→ What needs to be done
Starting with the line that contains "Used 2019 Porsche 718 Boxster S RWD image 12" and stopping after the line that contains "E-DA ROYAL (EX", copy the entries below exactly. Include nothing else.

→ Data
•••

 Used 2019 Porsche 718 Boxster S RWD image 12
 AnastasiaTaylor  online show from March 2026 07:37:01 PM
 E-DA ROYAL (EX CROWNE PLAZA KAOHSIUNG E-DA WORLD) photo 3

•••

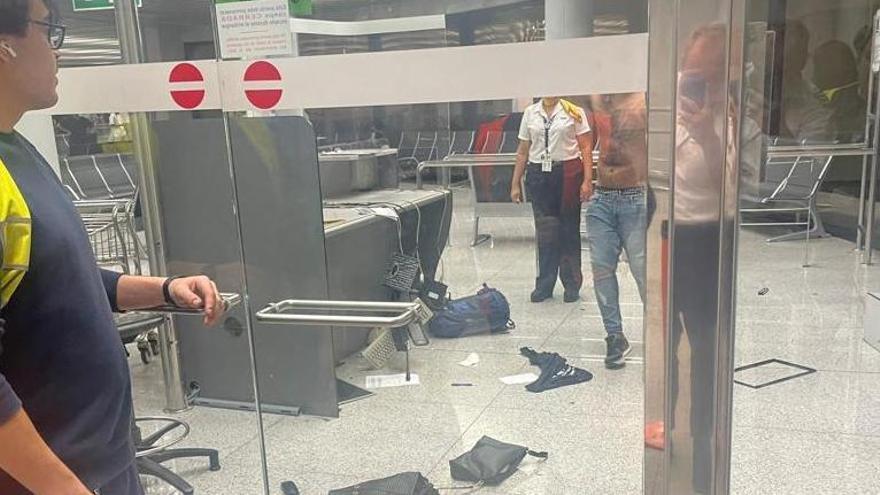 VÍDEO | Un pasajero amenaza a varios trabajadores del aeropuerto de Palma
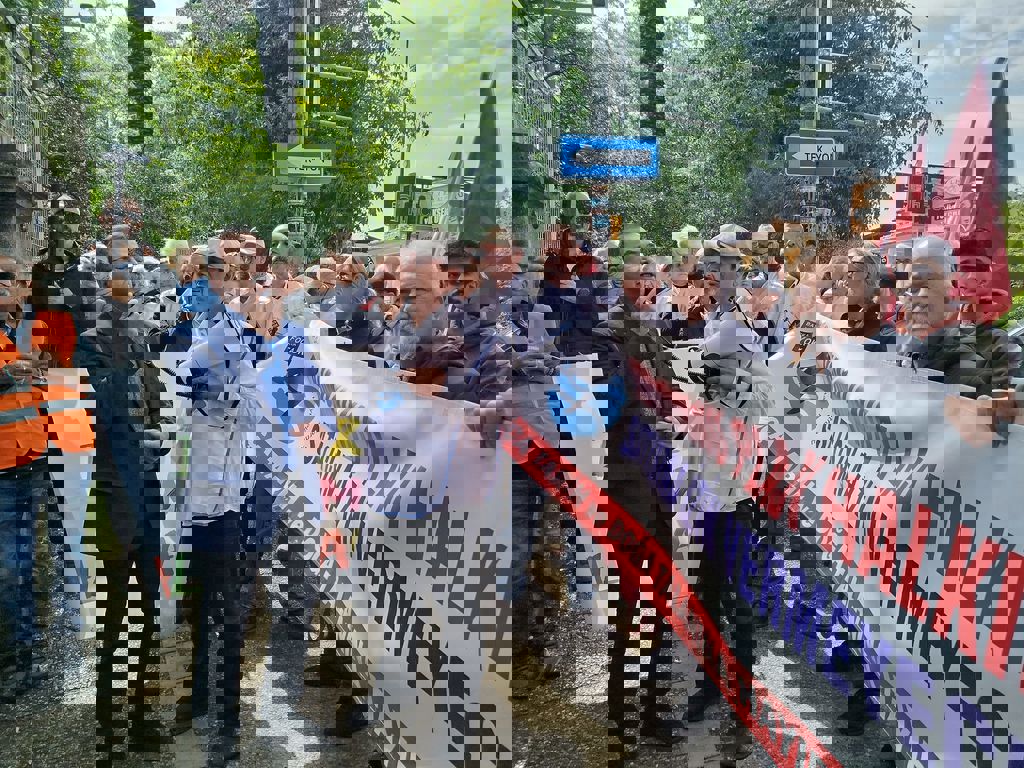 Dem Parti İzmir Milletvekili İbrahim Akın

•••

→ Reply to the task
 Used 2019 Porsche 718 Boxster S RWD image 12
 AnastasiaTaylor  online show from March 2026 07:37:01 PM
 E-DA ROYAL (EX CROWNE PLAZA KAOHSIUNG E-DA WORLD) photo 3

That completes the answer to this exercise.